__WORK INSTRUCTIONS__. Scan the entries for the word "rolling". Every line that has it should be copied.

Top of DATA FOR REVIEW

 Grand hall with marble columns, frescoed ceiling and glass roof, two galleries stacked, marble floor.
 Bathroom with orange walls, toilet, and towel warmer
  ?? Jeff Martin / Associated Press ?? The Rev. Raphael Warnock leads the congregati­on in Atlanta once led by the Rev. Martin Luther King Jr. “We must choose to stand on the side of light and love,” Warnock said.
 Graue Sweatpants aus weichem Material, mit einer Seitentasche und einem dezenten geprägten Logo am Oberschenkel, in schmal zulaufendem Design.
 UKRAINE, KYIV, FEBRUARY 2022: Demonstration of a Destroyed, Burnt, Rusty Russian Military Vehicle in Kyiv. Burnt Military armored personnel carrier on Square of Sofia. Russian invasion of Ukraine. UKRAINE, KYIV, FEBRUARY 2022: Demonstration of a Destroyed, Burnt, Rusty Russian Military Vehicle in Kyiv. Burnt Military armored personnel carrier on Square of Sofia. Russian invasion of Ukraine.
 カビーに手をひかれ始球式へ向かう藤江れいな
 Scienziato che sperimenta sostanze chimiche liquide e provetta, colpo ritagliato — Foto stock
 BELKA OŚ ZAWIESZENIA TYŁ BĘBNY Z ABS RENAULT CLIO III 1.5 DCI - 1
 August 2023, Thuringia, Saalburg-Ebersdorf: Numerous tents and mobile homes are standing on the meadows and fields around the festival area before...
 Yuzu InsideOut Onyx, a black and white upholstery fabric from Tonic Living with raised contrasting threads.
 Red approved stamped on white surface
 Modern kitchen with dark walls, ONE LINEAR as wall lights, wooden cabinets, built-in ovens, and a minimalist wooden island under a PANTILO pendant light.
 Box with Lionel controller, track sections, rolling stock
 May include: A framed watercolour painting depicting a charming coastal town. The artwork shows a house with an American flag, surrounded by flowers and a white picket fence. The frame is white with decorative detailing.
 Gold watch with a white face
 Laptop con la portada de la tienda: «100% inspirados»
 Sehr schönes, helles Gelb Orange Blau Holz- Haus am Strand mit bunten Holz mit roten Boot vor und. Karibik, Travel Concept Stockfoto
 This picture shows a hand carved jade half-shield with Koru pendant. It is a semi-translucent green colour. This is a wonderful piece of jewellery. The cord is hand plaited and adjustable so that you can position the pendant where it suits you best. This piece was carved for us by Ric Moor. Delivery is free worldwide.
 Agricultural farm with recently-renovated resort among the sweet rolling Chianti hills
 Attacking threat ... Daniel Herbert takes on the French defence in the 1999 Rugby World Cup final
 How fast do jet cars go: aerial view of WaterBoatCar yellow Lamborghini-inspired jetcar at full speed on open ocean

Bottom of DATA FOR REVIEW

__ANSWER TO THIS EXERCISE__.
 Box with Lionel controller, track sections, rolling stock
 Agricultural farm with recently-renovated resort among the sweet rolling Chianti hills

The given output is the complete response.